Ser budista significa vencer na vida real

Ser budista significa vencer na vida real

Conheça o princípio “prática da fé é a própria vida diária” segundo o qual as questões do dia a dia são em si a totalidade do exercício budista.

Ikeda sensei afirma: “O budismo não existe separado de nossa vida e das circunstâncias reais. A SGI cresceu à medida que veio demonstrando a vitória do budismo na vida cotidiana, assim como Daishonin ensinou”.

O Mestre também orienta: “A vida nem sempre é suave e agradável. Alguns de vocês podem estar lutando ou sofrendo por não poderem participar nas atividades da SGI tanto quanto gostariam, por motivo de trabalho, de doen­ça ou de outras circunstâncias. Quando se encontrarem em tal situação, esse é o momento de dirigirem sua determinação de mente única ao Gohonzon (…). Sofrer e lutar contra problemas os tornam mais fortes. Não há necessidade de se preocuparem. A chave é dar um passo ou mesmo meio passo para a frente — continuar o desafio com determinação resoluta e manter essa intenção viva”.

1 — O melhor caminho
O buda Nichiren Daishonin afirma: “O verdadeiro caminho encontra-se nos assuntos deste mundo” (CEND, v. II. p. 394).
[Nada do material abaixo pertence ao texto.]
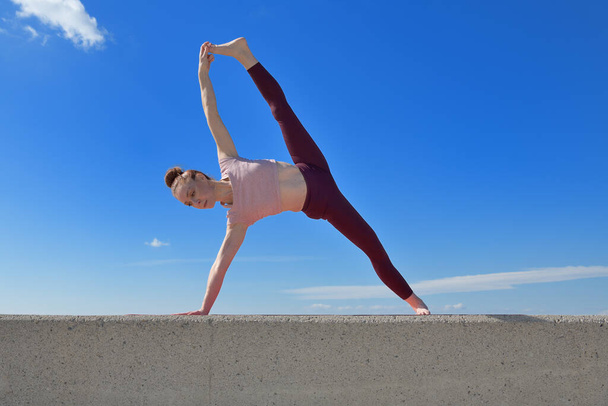 Portrait of a fit woman who practices yoga outdoors. Woman practicing asanas on a sunny day with a blue sky in the background - 写真・画像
O budismo como um todo trata de decifrar e ensinar da maneira mais simples sobre a conduta da qual toda pessoa pode se utilizar para que seja plenamente feliz. Dentre tantas formas de viver, é fundamental descobrir a trajetória que jamais produza arrependimento.

“O ‘verdadeiro caminho’ mencionado por Daishonin nessa passagem [anterior] se refere ao verdadeiro caminho para as pessoas comuns alcançarem o estado de buda. Onde esse caminho é encontrado? Nichiren Daishonin afirma que o verdadeiro caminho ‘encontra-se nos assuntos deste mundo’”.

A resposta de Ikeda sensei explicita que a melhor rota é aquela que aflora o estado de buda nas pessoas comuns e que também resolve as questões diárias.

2 — Religião que cria valor
O budismo não está apenas conectado com a vida real. Nem ensina somente a entender a vida diária. Ele é muito mais que isso; budismo é a vida real em si.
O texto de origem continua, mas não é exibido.